Senate precedent known as the Byrd Rule explicitly prevents lawmakers from making changes to Social Security through that expedited process, complicating efforts to save seniors and survivors from paying taxes on their benefits.

“Changes to Social Security can’t be done in reconciliation,” said Rep. Nicole Malliotakis (R-N.Y.), a member of the tax-writing Ways and Means Committee. “But can we provide some extra deduction to offset, to reduce their tax bill? That’s legislation I’m working on right now.”

The cost of some proposals has also given lawmakers and advocates heartburn, notably in the ongoing negotiation over lifting the SALT cap imposed in 2017.

Eliminating the partial income taxation on Social Security benefits alone would increase deficits by at least $1.6 trillion over the next decade, according to the nonpartisan Committee for a Responsible Federal Budget.

To blunt that impact, Sen. Marsha Blackburn’s (R-Tenn.) bill requires offsets for any costs incurred by creating the benefit.

Bacon also reintroduced legislation this week turning a number of Trump’s campaign pitches into legal language, including one that would limit itemized deductions on overtime pay to instances where they make up 20% or less of that taxpayer’s wages, and even then only if they made less than six figures.

“The people made it clear last November that they want something done to alleviate their financial hardship,” Bacon said in a statement. “These bills are a first step in the right direction. I will work with Congress and President Trump to get these across the finish line.”

Rep. Russ Fulcher’s (R-Idaho) bill exempting overtime pay from income taxes avoids payroll dues in order to fund entitlement programs.

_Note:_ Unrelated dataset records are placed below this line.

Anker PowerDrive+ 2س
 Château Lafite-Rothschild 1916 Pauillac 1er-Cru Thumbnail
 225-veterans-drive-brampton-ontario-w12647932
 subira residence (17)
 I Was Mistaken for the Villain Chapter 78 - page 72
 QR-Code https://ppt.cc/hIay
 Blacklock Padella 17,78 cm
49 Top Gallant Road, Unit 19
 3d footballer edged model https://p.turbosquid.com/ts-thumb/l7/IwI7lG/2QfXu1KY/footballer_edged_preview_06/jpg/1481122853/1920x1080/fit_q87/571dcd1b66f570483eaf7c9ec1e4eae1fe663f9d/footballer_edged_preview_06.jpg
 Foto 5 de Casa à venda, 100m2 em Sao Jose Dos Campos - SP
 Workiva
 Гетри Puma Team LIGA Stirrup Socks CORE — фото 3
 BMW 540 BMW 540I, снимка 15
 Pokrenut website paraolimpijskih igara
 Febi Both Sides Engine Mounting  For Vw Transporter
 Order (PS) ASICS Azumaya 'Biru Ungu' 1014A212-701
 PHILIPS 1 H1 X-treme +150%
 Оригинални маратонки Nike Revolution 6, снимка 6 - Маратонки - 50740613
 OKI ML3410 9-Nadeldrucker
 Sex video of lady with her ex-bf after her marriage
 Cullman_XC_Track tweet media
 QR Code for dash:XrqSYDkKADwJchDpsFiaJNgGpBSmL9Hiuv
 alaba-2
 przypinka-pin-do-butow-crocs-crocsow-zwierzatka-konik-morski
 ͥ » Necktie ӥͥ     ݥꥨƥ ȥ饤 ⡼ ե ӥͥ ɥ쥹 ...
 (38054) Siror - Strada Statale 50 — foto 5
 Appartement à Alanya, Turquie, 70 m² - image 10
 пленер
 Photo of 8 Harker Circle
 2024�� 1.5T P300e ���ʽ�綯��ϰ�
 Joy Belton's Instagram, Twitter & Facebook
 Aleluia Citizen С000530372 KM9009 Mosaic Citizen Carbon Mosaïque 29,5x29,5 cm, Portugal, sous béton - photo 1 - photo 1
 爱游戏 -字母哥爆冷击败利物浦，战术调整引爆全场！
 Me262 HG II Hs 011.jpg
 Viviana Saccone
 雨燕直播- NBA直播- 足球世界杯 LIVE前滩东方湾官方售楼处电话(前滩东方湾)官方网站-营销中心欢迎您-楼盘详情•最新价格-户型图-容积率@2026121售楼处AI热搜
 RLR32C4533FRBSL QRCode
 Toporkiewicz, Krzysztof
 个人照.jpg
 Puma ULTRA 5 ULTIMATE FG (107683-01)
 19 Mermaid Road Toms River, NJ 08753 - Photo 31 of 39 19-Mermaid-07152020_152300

That distinction could save about $434 billion over the next decade but would still forfeit about $680 billion in revenue lost in the same time, according to an estimate by the Tax Foundation.

Exemptions on Social Security benefits and overtime pay “are such big things, and I don’t think those get into the package,” said Grover Norquist, president of Americans for Tax Reform that opposes tax hikes. “They’re interesting conversation pieces.”

— With assistance from Kate Ackley, Chris Cioffi, and Maeve Sheehey.